Yes, yes, 16-year old New Zealander, writes her own songs, hot success, Royals- you have read all the press releases and accolades, I’m sure. You may have even developed an allergic reaction to Royals due to that song being played to death on radio and covered to, well, deader than dead by way too many aspiring stars on YouTube. It’s a shame, really, as Royals is a solid song, with great production values, catchy beats, and strong and impressively mature vocals from this young lady.

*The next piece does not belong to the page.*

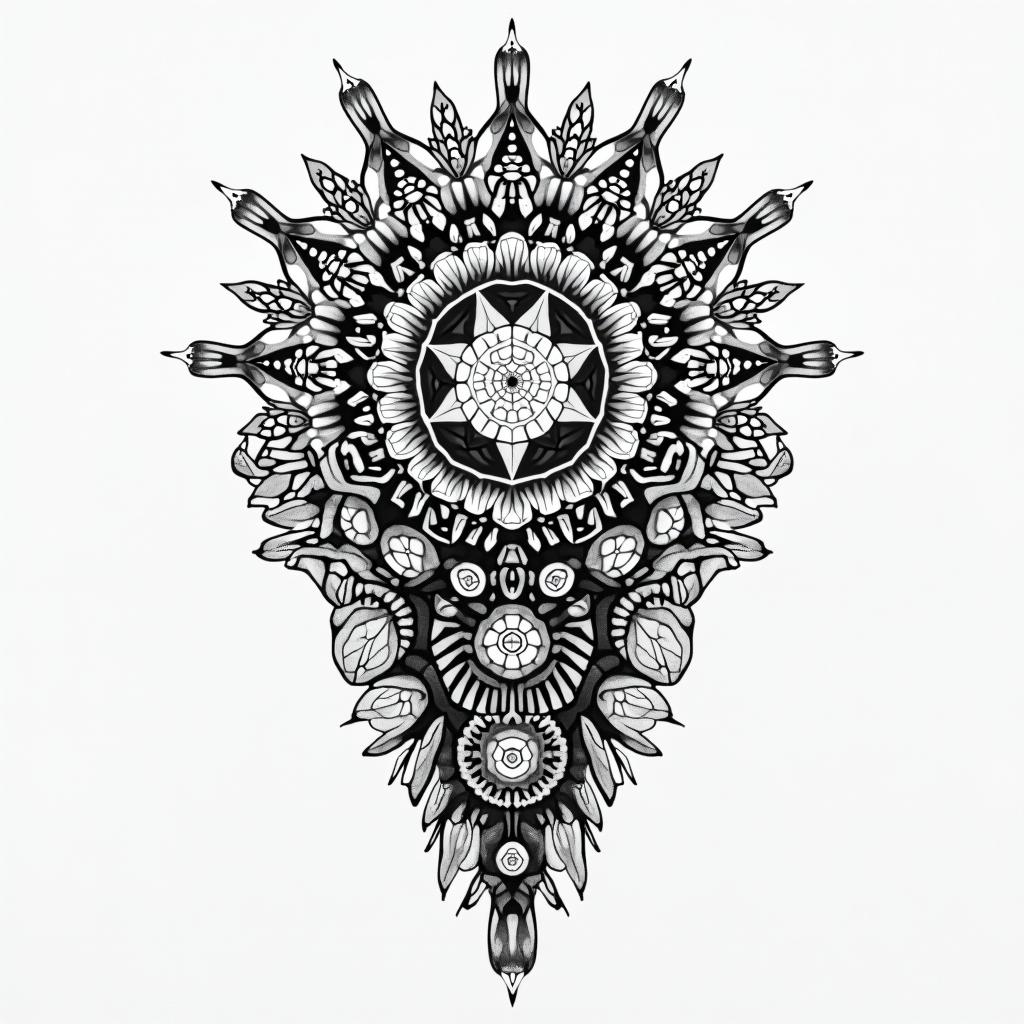 Motherhood in geometric style tattoo, blending hexagons, mandala-inspired patterns, symmetrical and fractal design, clean lines, sharp angles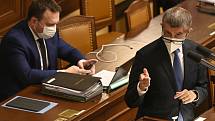 Předseda hnutí ANO Andrej Babiš hovoří na schůzi Poslanecké sněmovny 18. února 2022 v Praze.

That’s just the tip of the iceberg here. Tennis Court has some pretty pretentious lyrics, but it sounds great, if a little similar to Royals. 400 Lux and Ribs show different sides of Lorde, however, and these are nice sides. Ribs is faster, catchier yet retaining the angst and blues that define Lorde’s songs str0ngly in this album. Buzzcut Season is a catchy song with a cheery tune, but the words are depressingly bleak as the song is about knowing that one’s life is going nowhere but down, but defiantly living for the moment nonetheless. Team is my favorite song here, although it’s also the most obvious track one can pick to present in court as evidence that Lorde is a clone of Lana Del Rey, manufactured in a Kiwi plant. It is also the weakest song, lyrically, but Lorde manages to sell the message – angry teens living in squalor, tired of being ignored by more privileged people – with verve and style.
If there is a flaw in this album, it’s the fact that we have a young girl singing about things that are far bigger than her. At the end of the day, Lorde is singing about social inequality and anger through the lens of a teenage girl. It’s hard to fully buy these messages, although this is not really her fault. Not that I’m suggesting that she should sing about hot boys and making out in the backseats, or that teenagers are clueless about these things – what I am saying here is that, at the end of the day, these songs lack that a sense of conviction or anger to fuel them and make them something more than well-produced songs that are very well-performed by a young lady.
This isn’t a bad thing, actually. It just means that one day this young lady may come up with something that sounds good to and resonates emotionally with me. Right now, Pure Heroine is pure heroin to the ears. The songs stick to the head like gorgeous ear worms, and while she does sound like Lana Del Rey’s mini-me at times, at least her lyrics feel more grown-up than Ms Del Rey’s.